VUÉLVEME LOCA, N.º 2443 - enero 2012

Título original: Swept off Her Stilettos

Publicada originalmente por Mills & Boon®, Ltd., Londres.

Publicada en español en 2012

Todos los derechos están reservados incluidos los de reproducción, total o parcial. Esta edición ha sido publicada con permiso de Harlequin Enterprises II BV.

Todos los personajes de este libro son ficticios. Cualquier parecido con alguna persona, viva o muerta, es pura coincidencia.

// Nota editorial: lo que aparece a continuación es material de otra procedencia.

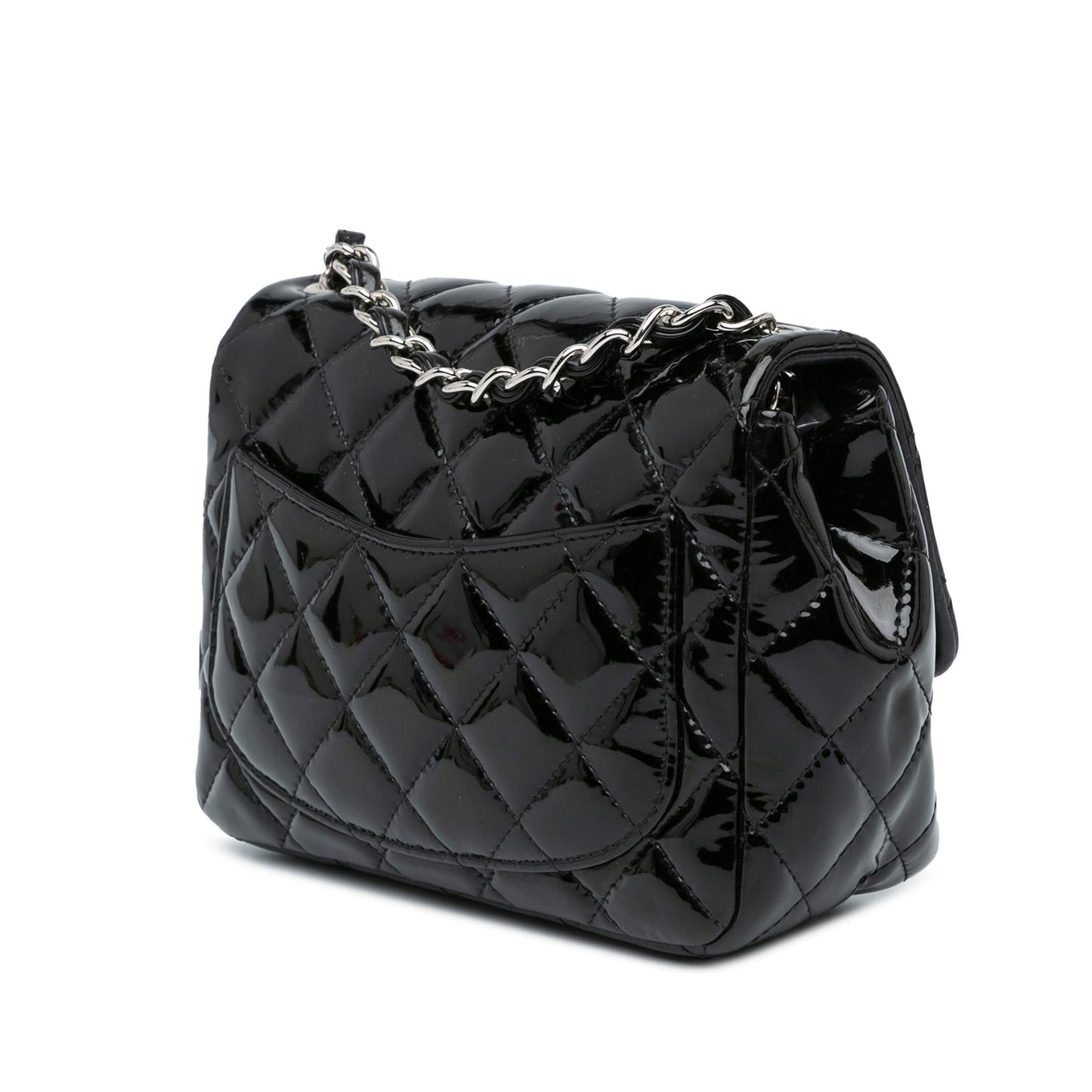 Chanel Square Classic Patent Single Flap SHG-0hjZ92 Mini Bag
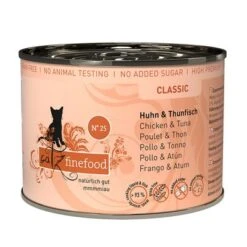 Catz Finefood Can 6 X 200g -Meow Mart 57239 pla catzfinefood huhn trunfisch 6x200g hs 01 5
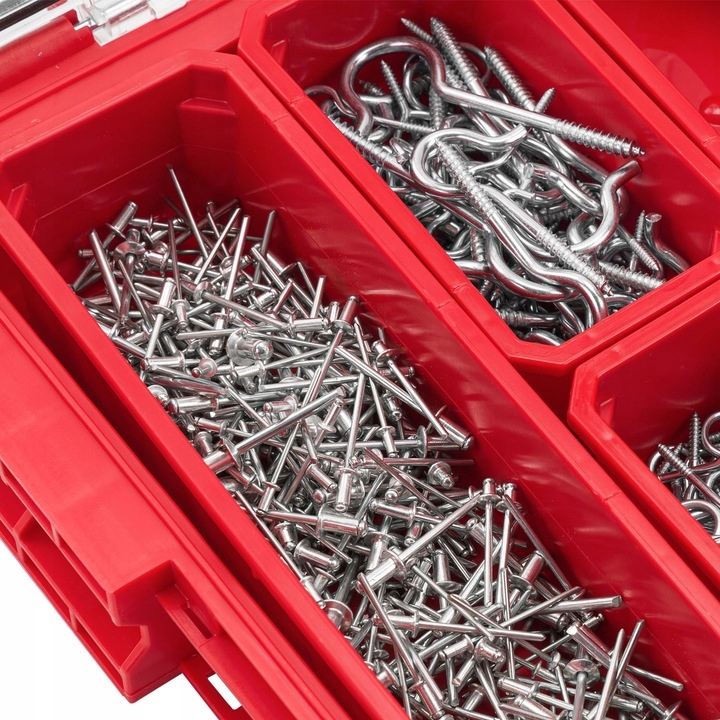 Organizer z wyjmowanymi kubełkami Qbrick System ONE 2.0 ORGANIZER L RED Długość 53.1 cm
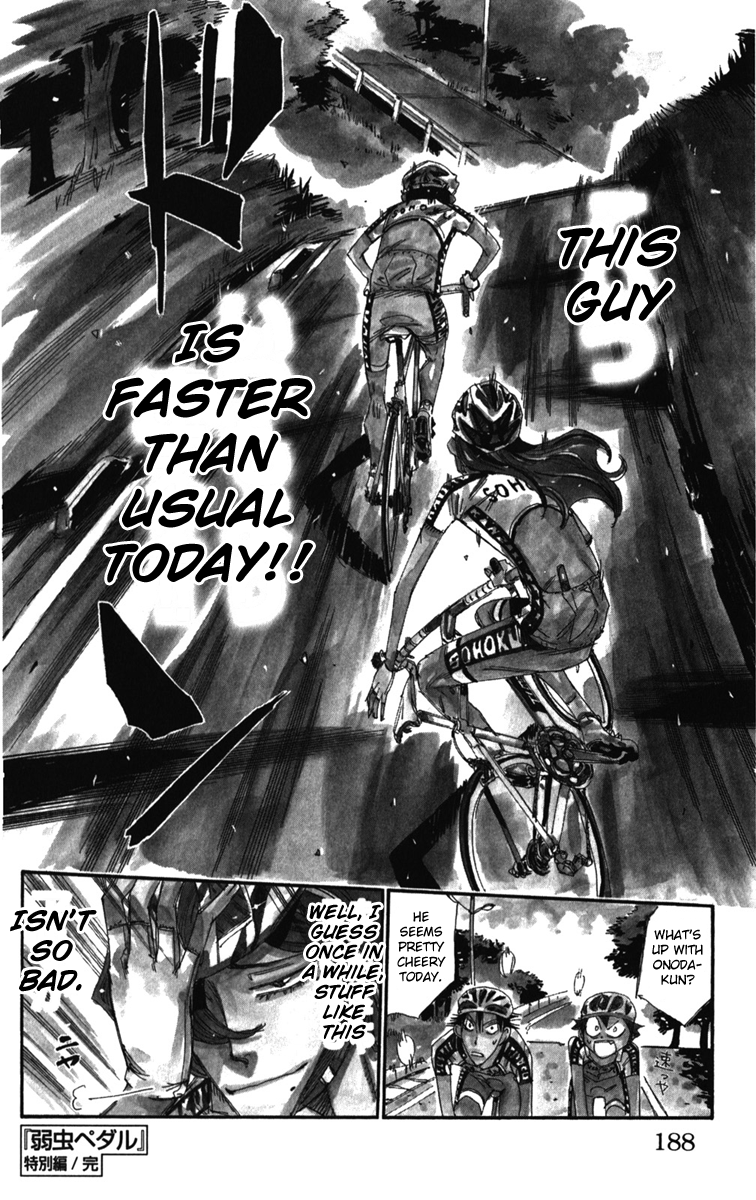 Yowamushi Pedal Chapter 207.5 page 8 - Chapter 207.5: A Story at Sohoku Road-racing Club's Clubroom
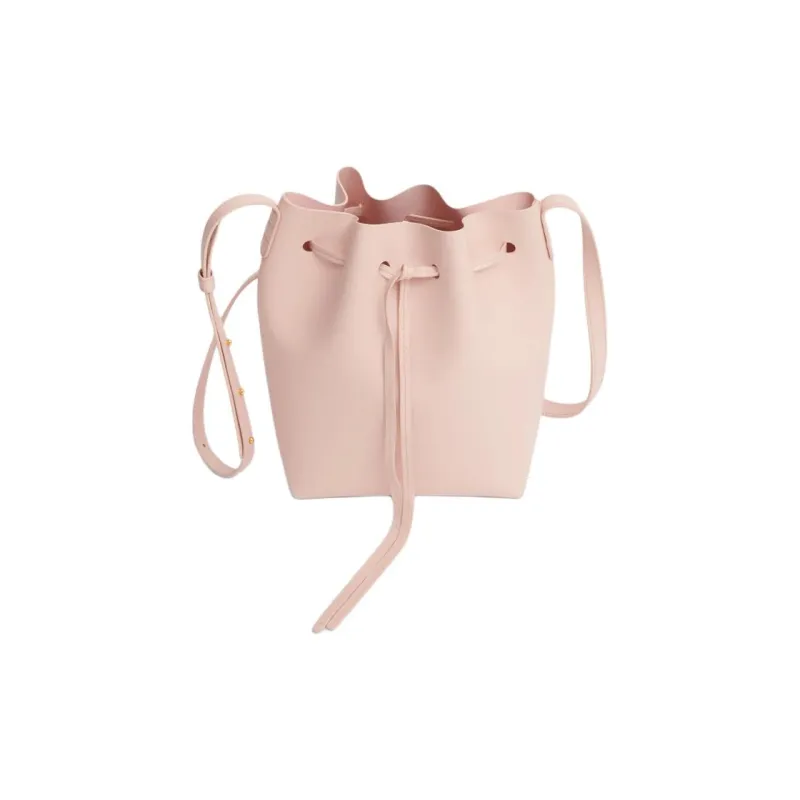 MANSUR GAVRIEL Saffiano Coated Leather Bucket Bags One Shoulder Handbag Crossbody Bag Mini Women's Light Pink-2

® Harlequin, logotipo Harlequin y Jazmín son marcas registradas por Harlequin Books S.A.

® y ™ son marcas registradas por Harlequin Enterprises Limited y sus filiales, utilizadas con licencia. Las marcas que lleven ® están registradas en la Oficina Española de Patentes y Marcas y en otros países.

I.S.B.N.: 978-84-9010-414-9

Editor responsable: Luis Pugni

ePub: Publidisa

CAPÍTULO 1

LA CHICA NO PUEDE EVITARLO

Confesiones de Coreen.

Nº 1. En mi opinión, un dedo meñique no va adecuadamente vestido si no está rodeado por la mano de un hombre… ¡y yo siempre me aseguro de ir impecablemente vestida!

LANCÉ una iracunda mirada al hombre que acababa de entrar en la cafetería. No sólo había estado a punto de hacer que los dos vasos de café que llevaba se derramaran sobre mi mejor vestido de lunares, sino que ni siquiera se había molestado en sostener la puerta abierta para mí.

Probablemente, en su afán por escapar del mal tiempo que hacía en el exterior, ni me había visto.

Sin otra alternativa, traté de abrir la puerta con el codo. No sirvió de nada. Sólo había una forma de conseguirlo. Suspiré, giré ciento ochenta grados y empujé la puerta con el trasero.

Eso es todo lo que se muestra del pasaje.